Cranial Nerve X: Vagus Nerve

What’s unique about the Vagus Nerve?

The vagus nerve gets its name because it is the wanderer (think the word, “vagabond”). It wanders in that it has the largest area of distribution of all of the nerves. 

In addition to some motor and sensory functions, the vagus nerve also supports parasympathetic functions— the rest and digest functions— slowing down our heart rate, lowering the rate of respiration, and increasing the rate of digestion, all within the same nerve, making it a very complex nerve. 

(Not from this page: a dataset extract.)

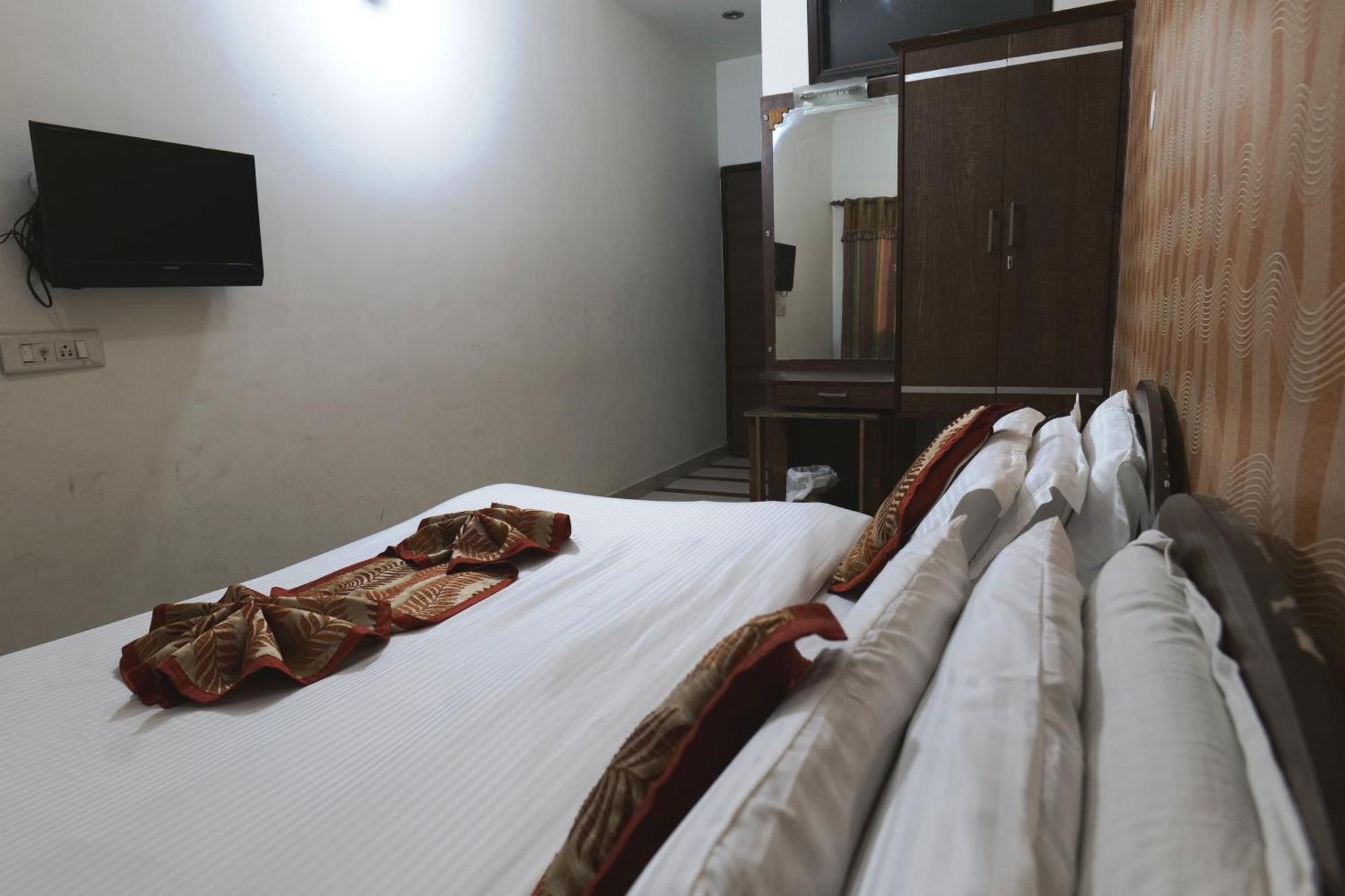 Hotel Holiday Comfort アムリトサル エクステリア 写真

What is the function of the nerve?

Motor: Soft palate muscles, pharyngeal and laryngeal muscles 
Sensory: General sense to the inferior pharynx and larynx, as well as the thoracic and abdominal organs 
Parasympathetic: Thoracic and abdominal viscera up to 2/3 of the transverse colon (supporting digestion, heart rate, blood pressure, and immune system responses)

What are the signs of dysfunction?

Signs of vagus nerve dysfunction may include:

• Abdominal pain, bloating, or changes in digestion
• Acid reflux
• Changes to heart rate, blood pressure, or blood sugar
• Difficulty speaking, swallowing, or loss of gag reflex
• Dizziness or fainting
• Hoarseness, wheezing, or loss of voice
• Loss of appetite, feeling full quickly, or unexplained weight loss
• Nausea and vomiting
• Depression and anxiety

How might this nerve be impacted?

The nerve may be impacted as a result of: 
• Trauma
• Stress
• Inflammation
• Compression or instability in the cervical region, or elsewhere along the pathway
• Diabetes
• Viral infections
• Surgery (particularly abdominal surgery)
• Scleroderma (hardening in blood vessels, internal organs, and digestive tract)

How can you work with this nerve?

• Sense a starting point based on the client’s intake- it could be in the abdominal region, the cervical region, or the head and brainstem. Offer space for decompression where it is needed.
• Visualize the pathway, from the medulla, moving alongside cranial nerves IX and XI to exit through the jugular foramen, moving down the cervical spine alongside the carotid artery and internal jugular vein to reach target areas, and extending down into additional targets in the thoracic and abdominal cavities. 
• Notice the quality of potency moving through the nerve.
• Hold space for any held patterns along the pathway to shift along the pathway.